Three senior candidates have moved one step closer to making the Pro Football Hall of Fame.
The Hall of Fame's Seniors Committee named three finalists to be considered for the HOF Class of 2024 on Wednesday -- linebacker Randy Gradishar, defensive tackle Steve McMichael and wide receiver Art Powell.
The three senior finalists were chosen from a list of 12 candidates, which had been cut down from an initial group of 31 semifinalists. Each senior candidate finished his career during the 1998 season or earlier.
In order to be elected to the Hall, each of the senior finalists -- along with the 15 modern-era player finalists, plus one coach/contributor candidate (Buddy Parker in '24) -- require 80% of the vote from the entire 50-person selection committee when they meet early next year.
"Every one of the individual presentations for the 12 candidates by the members of the Seniors Committee participating Tuesday was outstanding, truly creating the possibility that each one could have reached the position of Finalist," Pro Football Hall Of Fame president Jim Porter said. "I applaud the committee for the thorough discussion and consideration for all 12. The depth of the Seniors pool came on full display once again."
Gradishar, the Associated Press NFL Defensive Player of the Year in 1978, was a key member of the Denver Broncos' "Orange Crush" defense, playing for the team from 1974 to 1983 and being named to seven Pro Bowls. He helped Denver reach Super Bowl XII and amazingly never missed a game -- playing 151 overall -- in his 10-year career.
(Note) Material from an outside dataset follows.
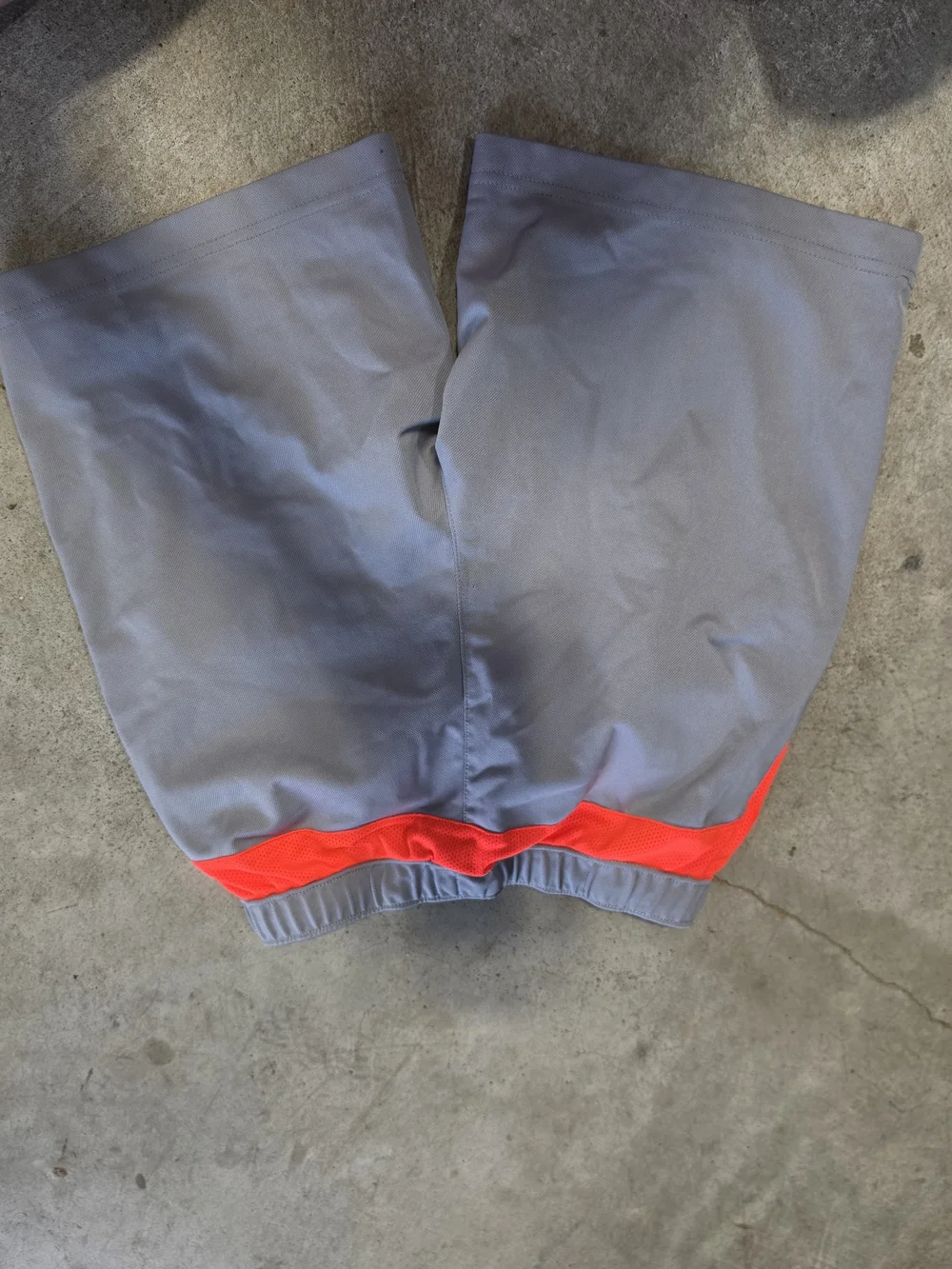 Old Navy Active Boys Medium Gray Neon Orange Athletic Basketball Shorts
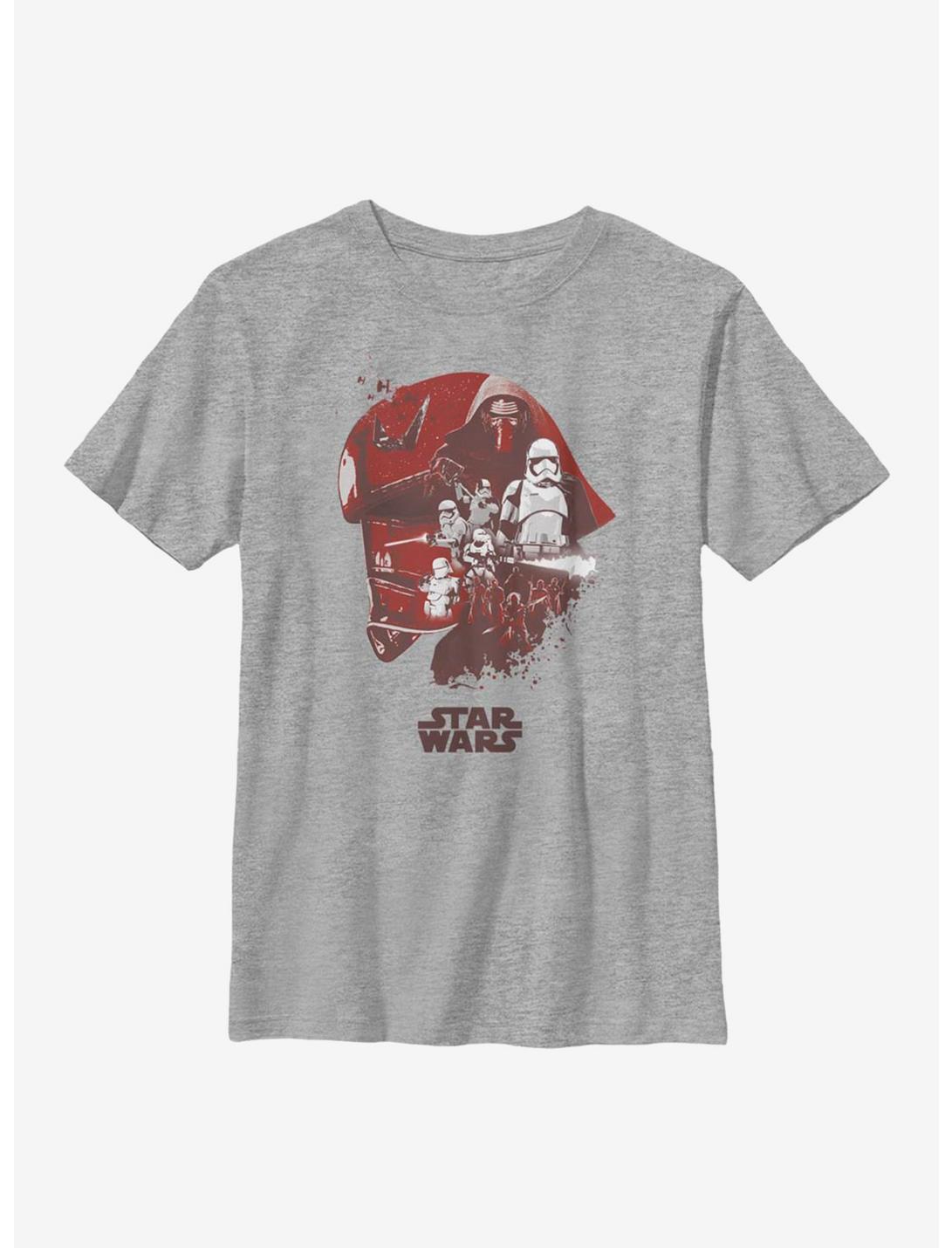 Star Wars Episode VIII The Last Jedi Phasma Head Fill Youth T-Shirt, ATH HTR, hi-res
McMichael -- nicknamed "Mongo" -- was one of the centerpieces of the Chicago Bears' famed defenses of the 1980s and remains beloved by Bears fans to this day. Like Gradishar, McMichael never missed a regular season game because of injury, spanning 15 seasons. McMichael's 95 sacks rank fourth all-time among defensive tackles.
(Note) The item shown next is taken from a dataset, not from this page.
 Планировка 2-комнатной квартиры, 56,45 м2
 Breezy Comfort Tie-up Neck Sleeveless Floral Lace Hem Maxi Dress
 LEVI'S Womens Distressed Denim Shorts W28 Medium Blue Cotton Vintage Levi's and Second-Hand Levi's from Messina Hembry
Battling ALS for the past two years, McMichael has lost the ability to speak, along with his motor skills. McMichael recently was admitted to ICU after he fell unconscious, suffering from bouts of sepsis and pneumonia. But his wife, Misty, told the Chicago Sun-Times that she believes McMichael's HOF run has helped extend his life.
"He would have died at home if it wasn't for the nomination," she told the Sun-Times. "He was dying in front of us. We ripped up the DNR (do not resuscitate orders) because of the nomination. He has to live to see this."
Powell was a standout in the CFL, AFL and NFL, starting out as a defensive back before being moved to receiver. He starred for the New York Titans, starting in their inaugural season in the AFL in 1960, for three years, followed by four more with the Oakland Raiders. That's where he became a star, leading the AFL in receiving yards (1,304) and receiving touchdowns (16) in 1963 and leading the Raiders in receiving yards four straight seasons.
The nine candidates who did not make the cut were Ken Anderson, Maxie Baughan, Roger Craig, Joe Jacoby, Albert Lewis, Eddie Meador, Sterling Sharpe, Otis Taylor and Al Wistert. Last year, the Hall of Fame's Board of Trustees approved a bylaw change that increased the number of senior finalists from one to three.